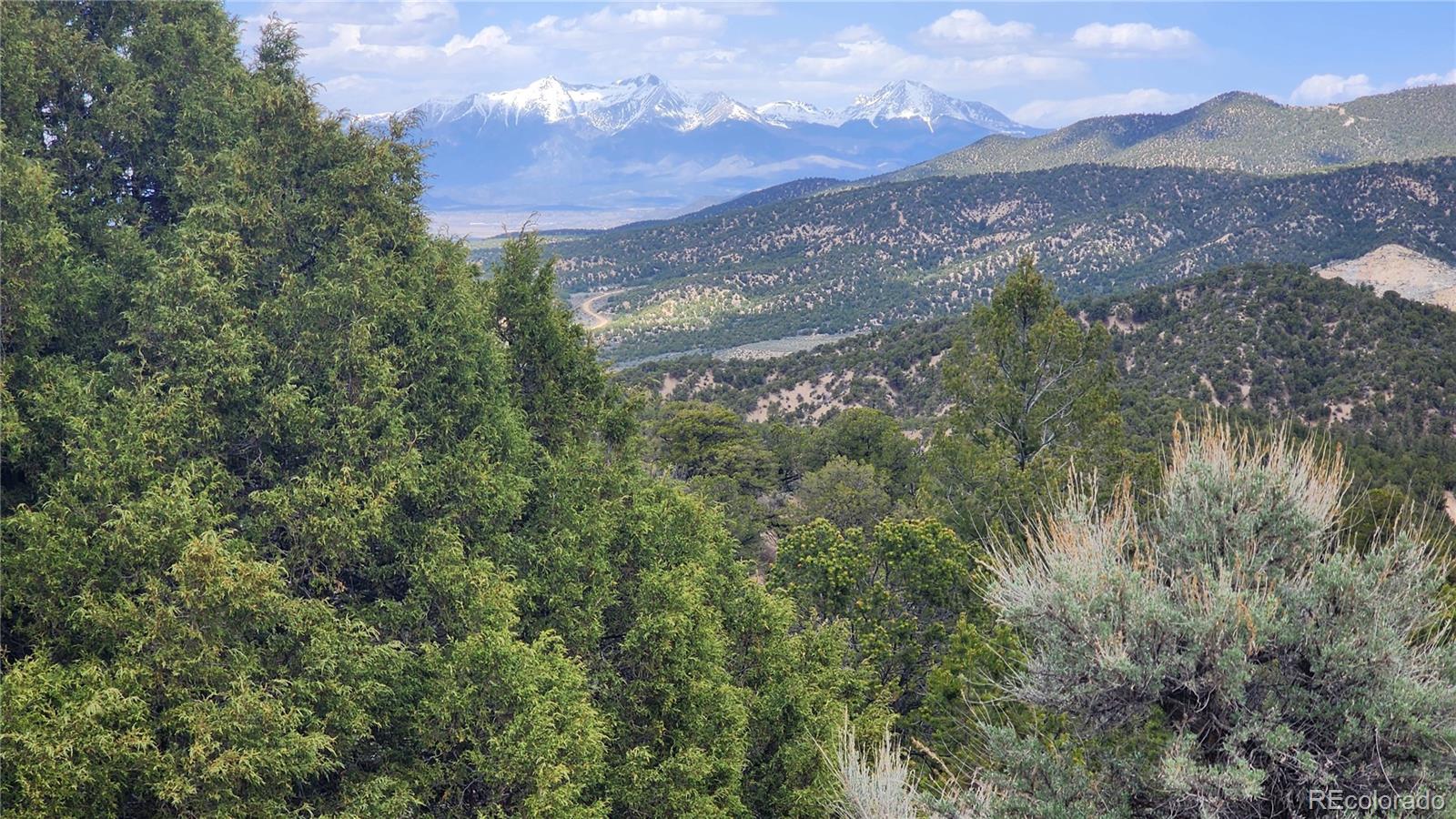 a view of a town with mountains in the background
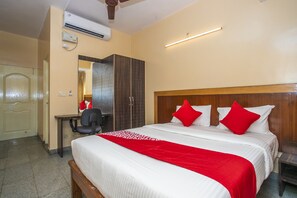 A hotel room with a bed, a desk, a chair, and a wardrobe. - OYO 12965 Archana Comforts (Bengaluru)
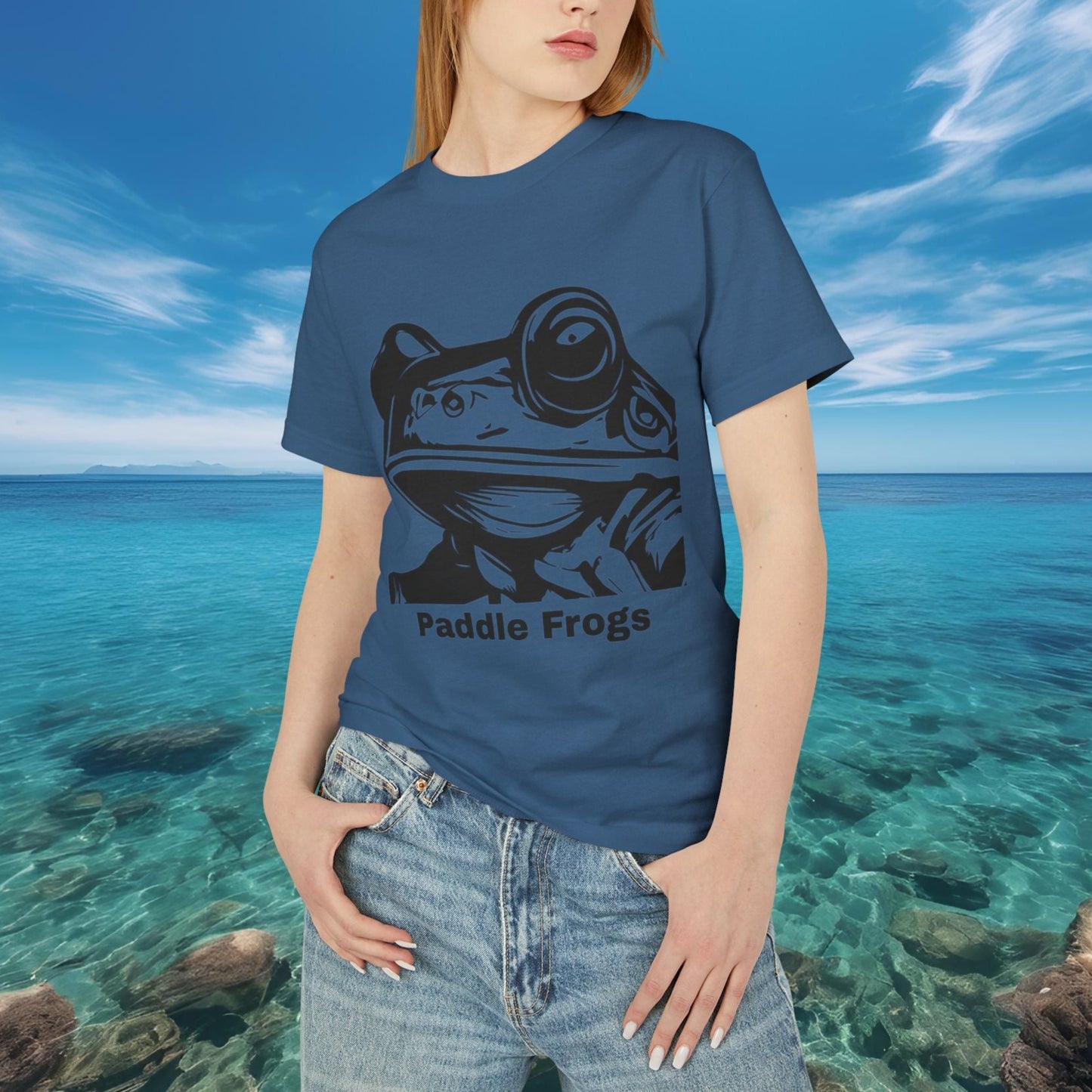 Person wearing a Faded Navy blue t-shirt with a frog graphic and 'Paddle Frogs' text, standing in front of a scenic ocean view.
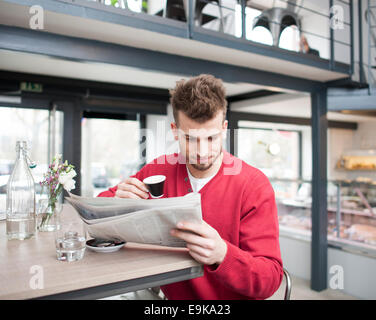 Young man reading newspaper while drinking coffee in cafe Stock Photo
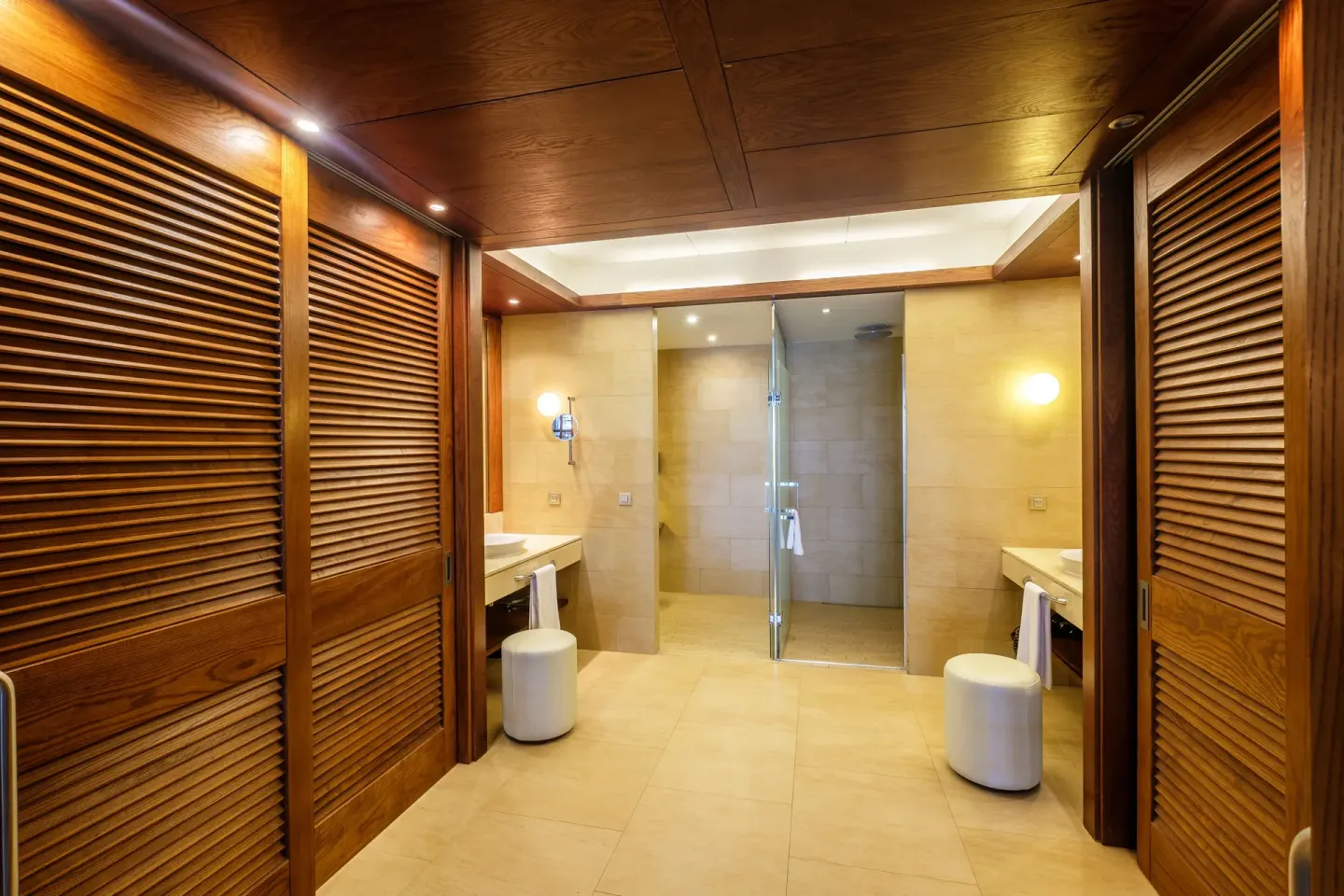 Sea View Suite bathroom at Barceló Bávaro Palace with wood closets, twin vanities, and glass shower.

*-*-*

*Prompt*
An exact copy of the entries above, with no pictures, is the required answer.

*Output of the task*
 a view of a town with mountains in the background
 A hotel room with a bed, a desk, a chair, and a wardrobe. - OYO 12965 Archana Comforts (Bengaluru)
 Person wearing a Faded Navy blue t-shirt with a frog graphic and 'Paddle Frogs' text, standing in front of a scenic ocean view.
 Young man reading newspaper while drinking coffee in cafe Stock Photo
 Sea View Suite bathroom at Barceló Bávaro Palace with wood closets, twin vanities, and glass shower.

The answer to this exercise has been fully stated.